UNEMPLOYMENT INSURANCE DECISION
Hearing No. 05400280GB


On January 15, 2005, the Department of Workforce Development issued an initial determination which held that the employee's quit was not for a reason allowing for immediate eligibility for unemployment insurance. The employee filed a timely request for hearing on the adverse determination, and hearing was held on February 16, 2005 in Green Bay, Wisconsin before a department administrative law judge. On February 18, 2005, the administrative law judge issued an appeal tribunal decision affirming the initial determination. On March 25, 2005, the commission affirmed the appeal tribunal decision. The employee petitioned for reconsideration following the commission's decision in Tickler v. Procter/Gamble Paper Products Co., UI Dec. Hearing No. 05400696GB (LIRC August 17, 2005). The commission considers that its March 25, 2005 decision in the present case was error, and pursuant to Wis. Stat. § 108.09(6)(c) sets it aside and, pursuant to Wis. Stat. § 108.09(6)(d), reissues it below.

Based upon the applicable law and the records and other evidence in the case, the commission issues the following:

FINDINGS OF FACT AND CONCLUSIONS OF LAW

The employee worked approximately seven years as a technician for the employer, a paper product manufacturer. His last day of work was August 25, 2004 (week 35), when his employment ended pursuant to an early retirement package he accepted, and the issue is whether the separation from employment falls within Wis. Stat. § 108.04(7)(am). The commission concludes that it does, and so reverses the appeal tribunal decision.

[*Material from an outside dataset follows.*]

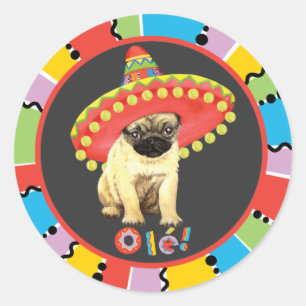 Fiesta Pug Classic Round Sticker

The employee worked at the employer's Fox River Plant in Green Bay, which is adjacent to the employer's East River Plant. The employer moved the product manufactured at the East River plant to a plant in Canada. This resulted in the employer's decision to close the East River Plant. In order to meet staff reduction targets, the employer gave employees at both plants, based on seniority, the option of taking a separation package offered by the employer. At a meeting of workers affected by the plant closing, the employer told the group including the employee that, if an insufficient number of employees did not take the separation package, the employer would have to institute layoffs. Written materials the employer distributed about the offer also stated that the purpose of the program was to achieve what the employer referred to as "staffing targets." In addition, the employer provided the employees with a written document stating that employees would be eligible for 26 weeks of unemployment insurance and that, within certain time constraints, they would also be eligible for TAA and TRA. On June 22, 2004, the employee accepted the separation package offered by the employer; his last day of work originally was to be March 31, 2005. The employer approved his leaving the employment earlier, August 25, 2004, in order to attend training in a different field of work.

The employee could have remained employed had he not accepted the employer's early retirement offer. The separation from employment thus was a quit by the employee. Generally, pursuant to Wis. Stat. § 108.04(7)(a), a quit of employment is disqualifying for unemployment insurance purposes. One exception to this general disqualification is Wis. Stat. § 108.04(7)(am), which provides:

(am) Paragraph (a) does not apply if the department determines that the suspension or termination of the claimant's work was in lieu of a suspension or termination by the employer of another employee's work. The claimant shall not be deemed unavailable for the claimant's work with the employer by reason of such suspension or termination.

The employer was closing the plant next to the one the employee worked at, which closing necessarily created an influx of excess workers at the remaining plant. Its staffing targets were due to the plant closing. In addition the employer, through supervisory personnel conducting the informational meetings regarding the separation package, specifically informed employees that the employer would institute layoffs if an insufficient number of employees took separation packages. At the same time, the employer controlled the number of separation packages it agreed to, because of employer concerns that too many people would take the package and cause the employer to suffer a business hardship. In other words, the employer was only allowing individuals to take a separation package who were "expendable" as a result of the closing of the East River plant. Given these factors, the most reasonable inference is that the employer's acceptance of the employee's separation package application avoided the necessity of the employer's having to lay off a co-worker of the employee. This brings the employee's quit within Wis. Stat. § 108.04(7)(am).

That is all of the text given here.